The National Agency for Legal Defense told newspaper El Tiempo that seven foreign companies have sued the state before an international arbitrary commission for failing to meet international obligations made in international trade pacts.

The state’s defense attorney did not include a $16.5 billion lawsuit filed by Canadian company Cosigo Resources, which had been granted a mining title inside a nature reserve.

One third of mining companies in Colombia have said they have decreased investment due to “judicial insecurity” created by Colombians’ successful attempts to stop mining projects or ban the controversial activity altogether through lawsuits and referendums.

Colombian miners’ association president Santiago Angel

Both foreign and national miners are looking to Colombia’s presidential candidates for reassurance their potential investments are safe.

Conservative candidates Ivan Duque and German Vargas have given this reassurance and have proposed to roll back citizens’ rights to challenge mining projects through referendums.

This, however, is highly controversial as many titles were granted illegally and the average Colombian has seen no or little benefit in the economic activity.

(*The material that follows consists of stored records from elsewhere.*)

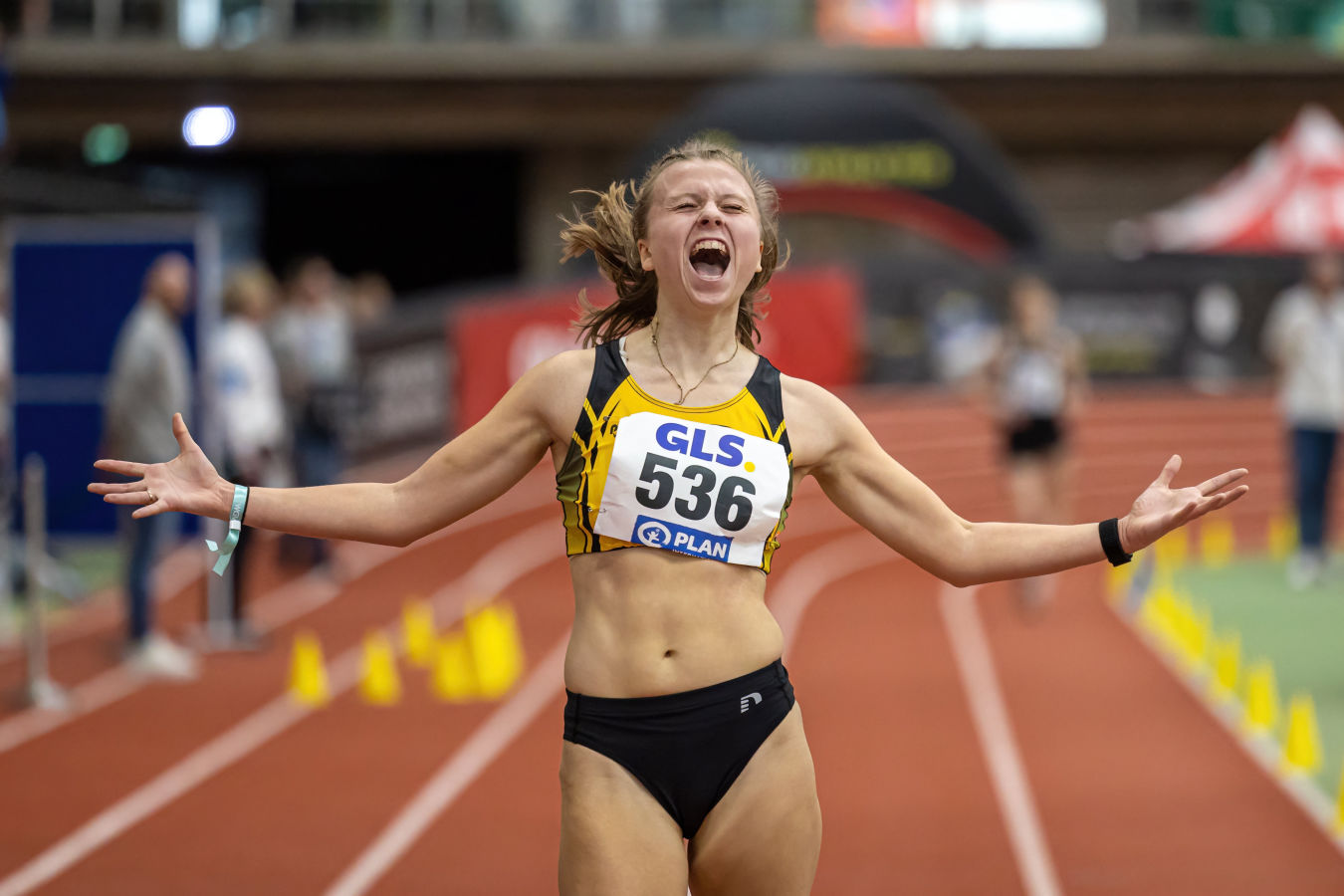 Kylie Garreis, Deutsche Rekordhalterin über 10.000 Meter Bahngehen in der U20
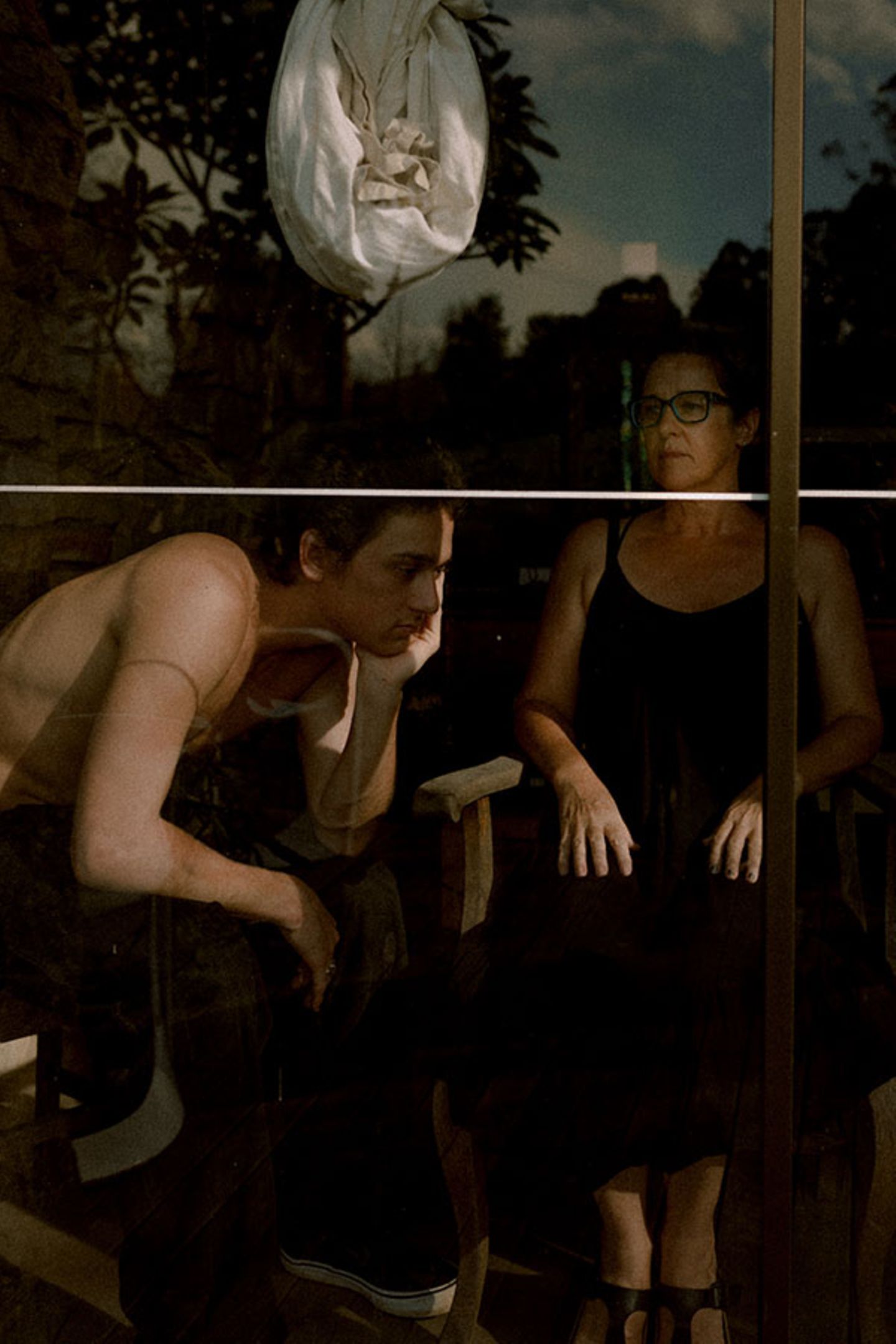 Sue and Bingham in the Spare room aus der Fotoreihe Behind Glass von Lisa Sorgini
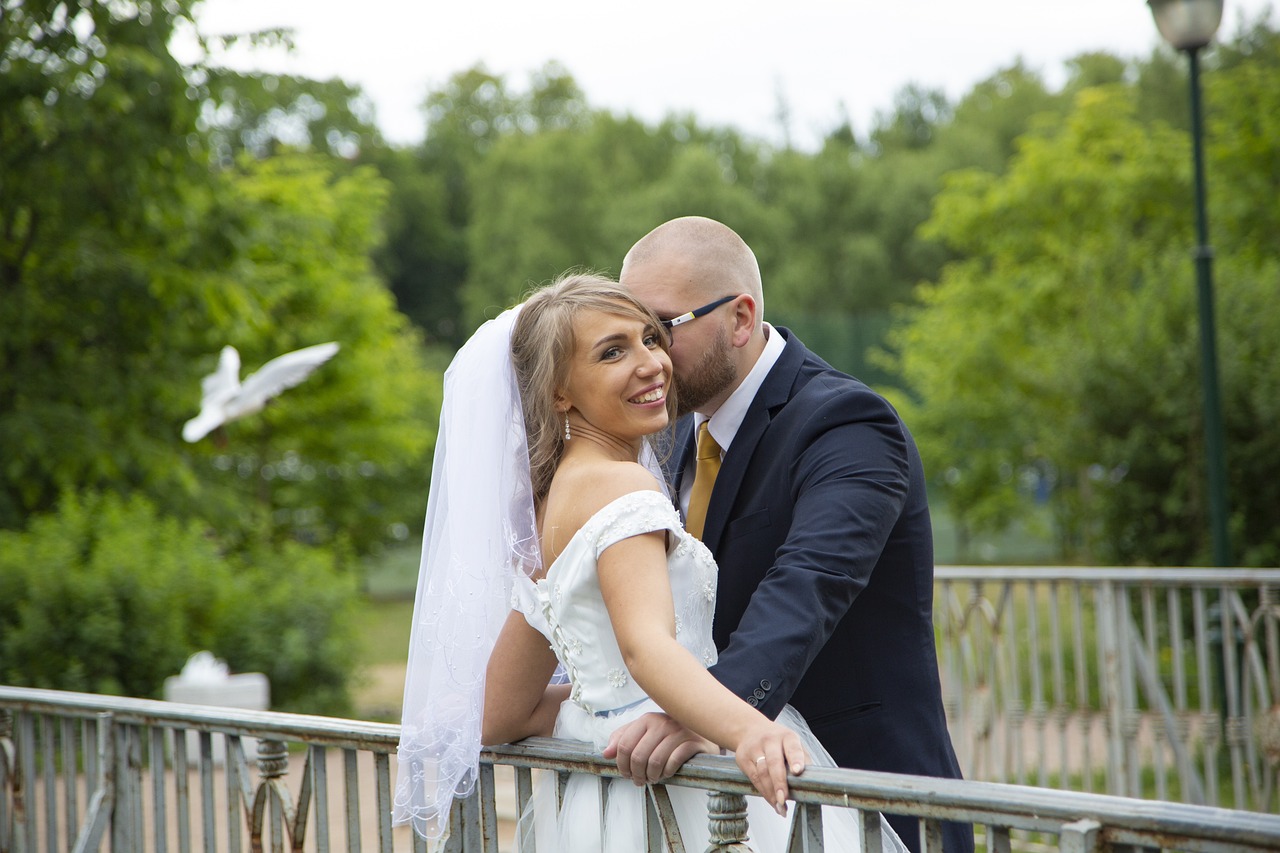 揭露虚假情感面纱,欺骗的爱情最新真相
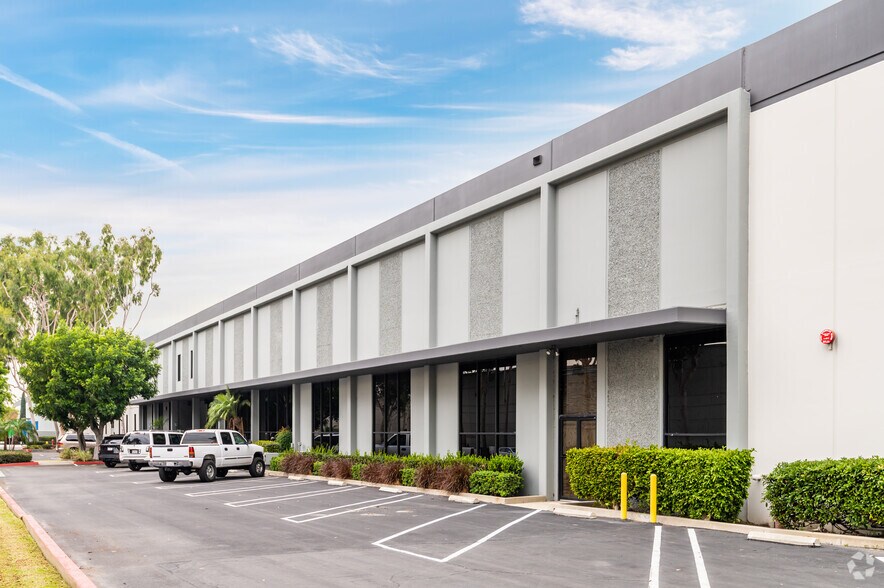 More Photos Of 5911-5915 Fresca Dr, La Palma Warehouse For Lease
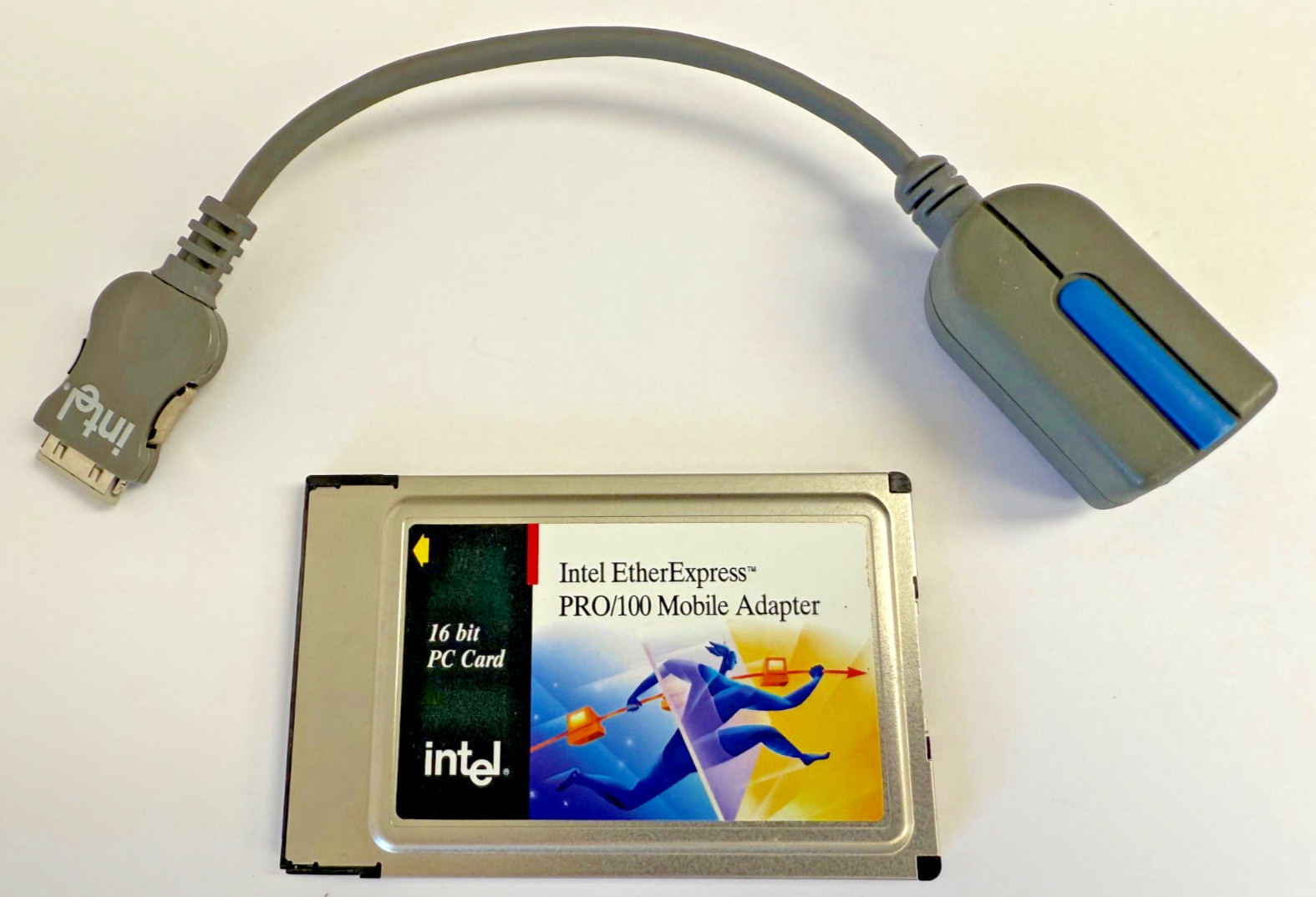 Intel PCMCIA EtherExpress PRO/100 Fast Ethernet LAN PC Card with Dongle Cable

The country’s manufacturing industry has complained that oil and mining have inflated the price of the national currency, the peso, which is making manufacturing products less competitive abroad.

Widespread government corruption in the payment of royalties has cost the country $298 billion over the past five years, according to Comptroller General Edgardo Maya.

The royalties have become a piñata for politicians and government contractors who are granted public works contracts that are either not or partially executed.

The fiscal auditor additionally said that mayors and governors use the royalty payments for pet projects rather than making priority investments in basic development.

Comptroller General Edgardo Maya

Furthermore, the country’s mining industry has been marred by some of the worst human rights violations since former President Andres Pastrana signed off on the country’s Mining Code in 2001.

Multiple mining companies have been either convicted or accused of teaming up with death squads to vacate the land where mining projects were planned.

Pastrana’s successor, Alvaro Uribe, granted almost 8,000 mining titles or more than 6% of the country’s national territory between 2002 and 2010 in what became known as the “mining title piñata.” Many of these titles turned out to be illegal, because they were located in natural or indigenous reserves.

Outgoing president Juan Manuel Santos said mining was the “motor of the economy” until 2014 when commodity prices plummeted, dragging the country’s economy with them.

Santos was further embarrassed about his failed economic plan last year when his family’s former newspaper, El Tiempo, reported that mining companies had been given tax breaks with the value of $4.4 billion because they were registered as public rather than private entities.

Dozens of municipalities are seeking a ban on mining through local referendums while other projects have been challenged in court for violating the law.